The Reef by Edith Wharton

“What’s the use of this, with such a moon to say it for us?”

Behind the uncurtained window a low golden orb hung like a ripe fruit against the glass.

“Yes–let’s go out and listen,” Anna answered. Owen threw open the window, and with his gesture a fold of the heavy star-sprinkled sky seemed to droop into the room like a drawn-in curtain. The air that entered with it had a frosty edge, and Anna bade Effie run to the hall for wraps.

Darrow said: “You must have one too,” and started toward the door; but Sophy, following her pupil, cried back: “We’ll bring things for everybody.”

Owen had followed her, and in a moment the three reappeared, and the party went out on the terrace. The deep blue purity of the night was unveiled by mist, and the moonlight rimmed the edges of the trees with a silver blur and blanched to unnatural whiteness the statues against their walls of shade.

Darrow and Anna, with Effie between them, strolled to the farther corner of the terrace. Below them, between the fringes of the park, the lawn sloped dimly to the fields above the river. For a few minutes they stood silently side by side, touched to peace beneath the trembling beauty of the sky. When they turned back, Darrow saw that Owen and Sophy Viner, who had gone down the steps to the garden, were also walking in the direction of the house. As they advanced, Sophy paused in a patch of moonlight, between the sharp shadows of the yews, and Darrow noticed that she had thrown over her shoulders a long cloak of some light colour, which suddenly evoked her image as she had entered the restaurant at his side on the night of their first dinner in Paris. A moment later they were all together again on the terrace, and when they re-entered the drawing-room the older ladies were on their way to bed.

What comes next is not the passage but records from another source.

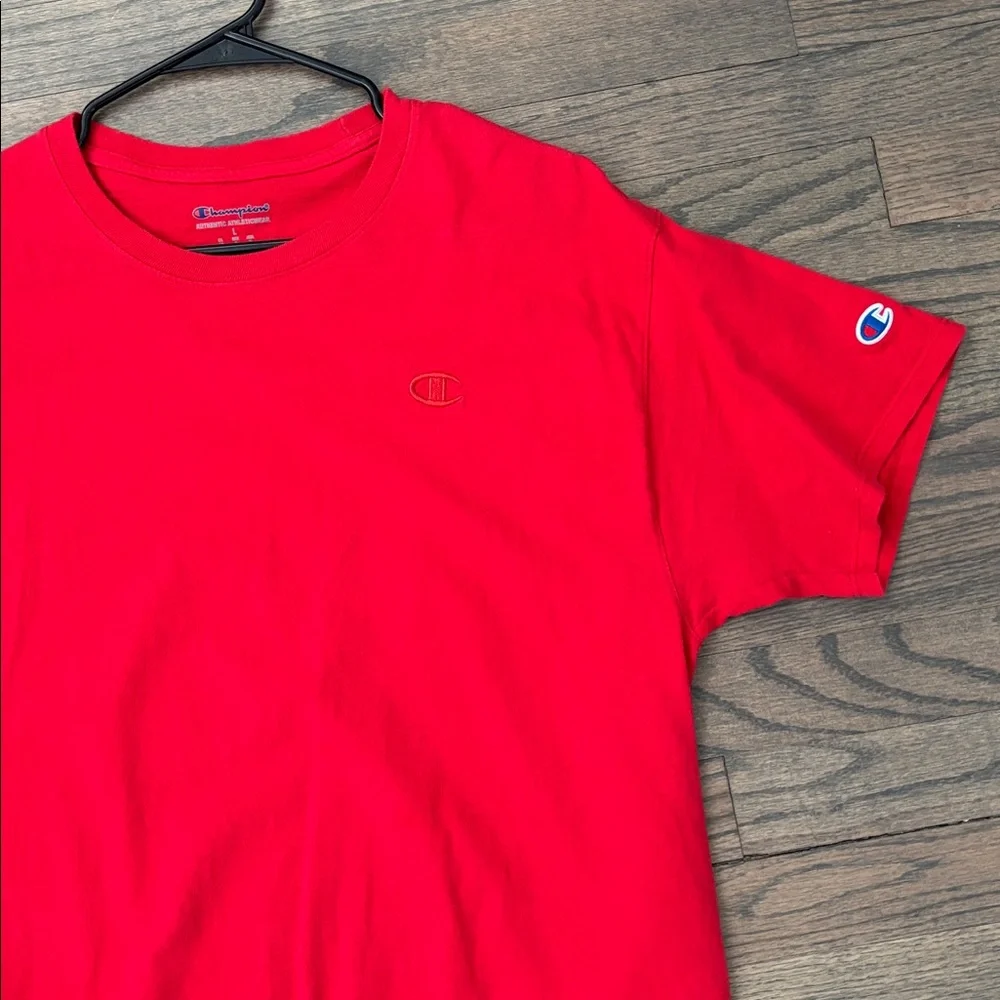 Champion Men's Bold Red Tee - Picture 5 of 9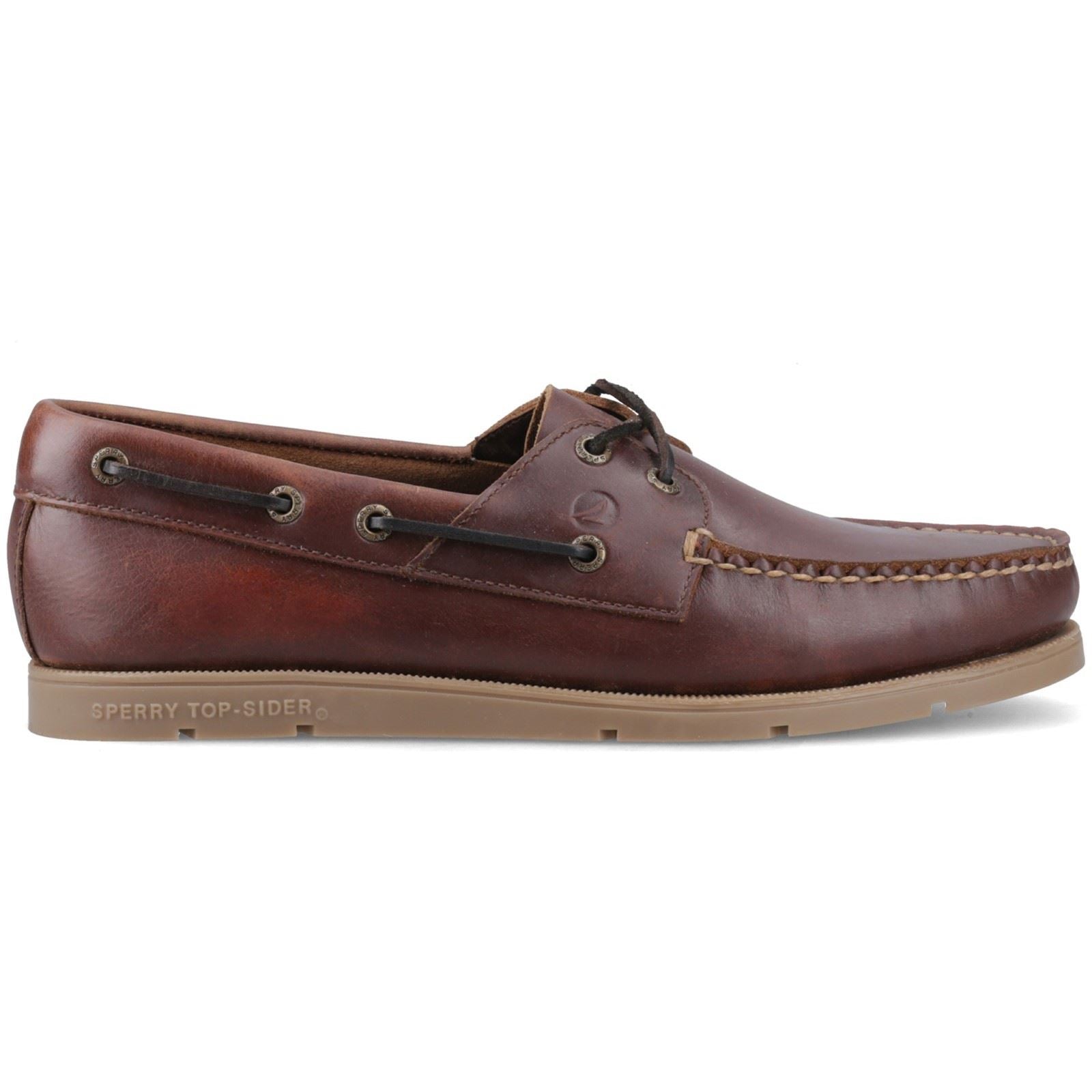 Sperry Oakland 2 Eye Boat Leder Herren Braune Bootsschuhe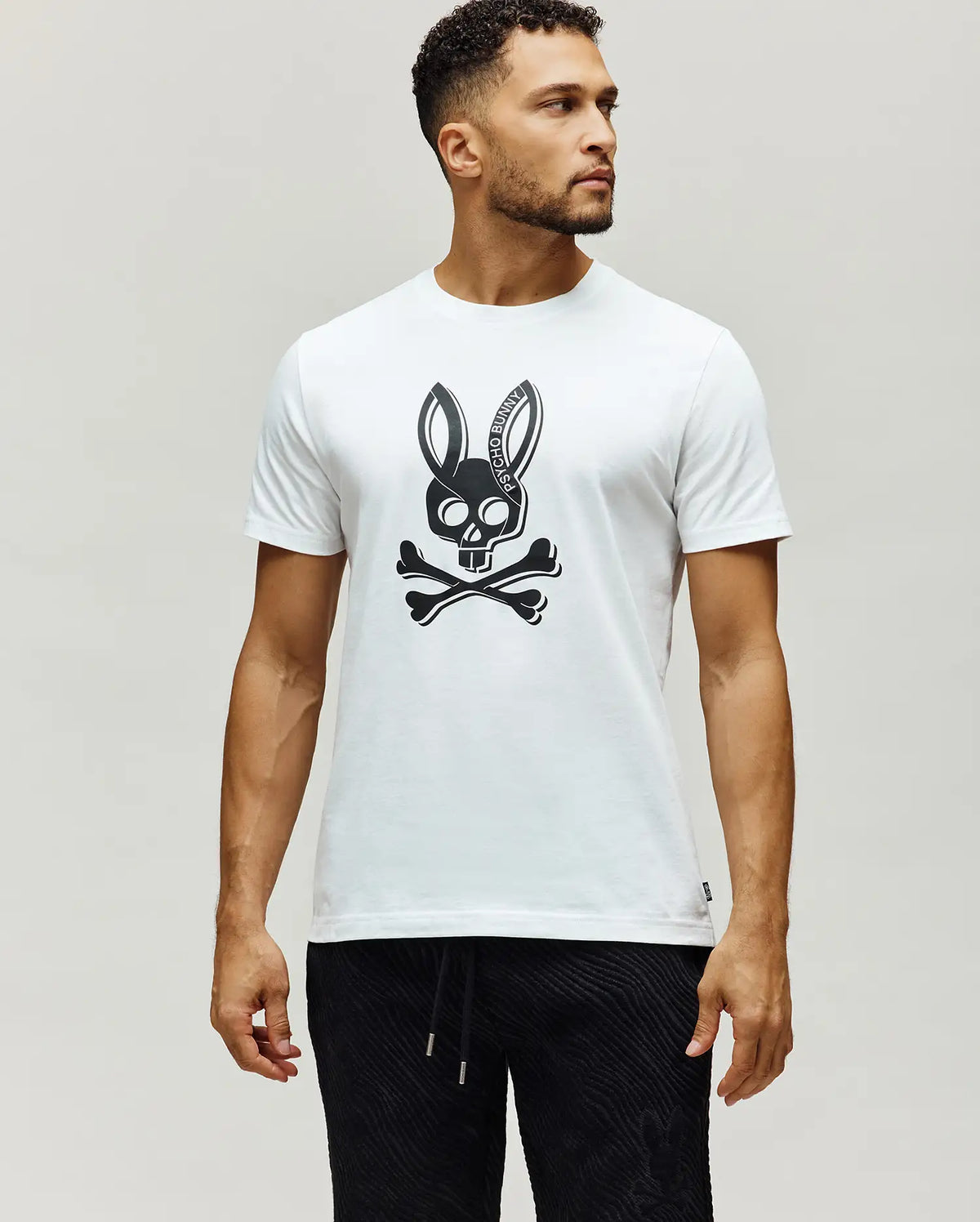 Premium MENS SERGE EMBROIDERED BUNNY GRAPHIC TEE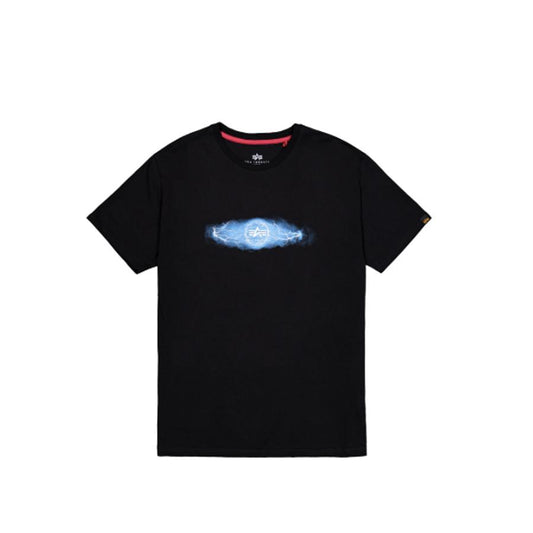 Lightning T-Shirt - black/blue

Effie, emboldened by the privileges of the evening, was for coaxing Owen to round it off with a game of forfeits or some such reckless climax; but Sophy, resuming her professional role, sounded the summons to bed. In her pupil’s wake she made her round of good-nights; but when she proffered her hand to Anna, the latter ignoring the gesture held out both arms.

“Good-night, dear child,” she said impulsively, and drew the girl to her kiss.

Book IV

Chapter XXIII

The next day was Darrow’s last at Givre and, foreseeing that the afternoon and evening would have to be given to the family, he had asked Anna to devote an early hour to the final consideration of their plans. He was to meet her in the brown sitting-room at ten, and they were to walk down to the river and talk over their future in the little pavilion abutting on the wall of the park.

It was just a week since his arrival at Givre, and Anna wished, before he left, to return to the place where they had sat on their first afternoon together. Her sensitiveness to the appeal of inanimate things, to the colour and texture of whatever wove itself into the substance of her emotion, made her want to hear Darrow’s voice, and to feel his eyes on her, in the spot where bliss had first flowed into her heart.

That bliss, in the interval, had wound itself into every fold of her being. Passing, in the first days, from a high shy tenderness to the rush of a secret surrender, it had gradually widened and deepened, to flow on in redoubled beauty. She thought she now knew exactly how and why she loved Darrow, and she could see her whole sky reflected in the deep and tranquil current of her love.

Early the next day, in her sitting-room, she was glancing through the letters which it was Effie’s morning privilege to carry up to her. Effie meanwhile circled inquisitively about the room, where there was always something new to engage her infant fancy; and Anna, looking up, saw her suddenly arrested before a photograph of Darrow which, the day before, had taken its place on the writing-table.

Anna held out her arms with a faint blush. “You do like him, don’t you, dear?”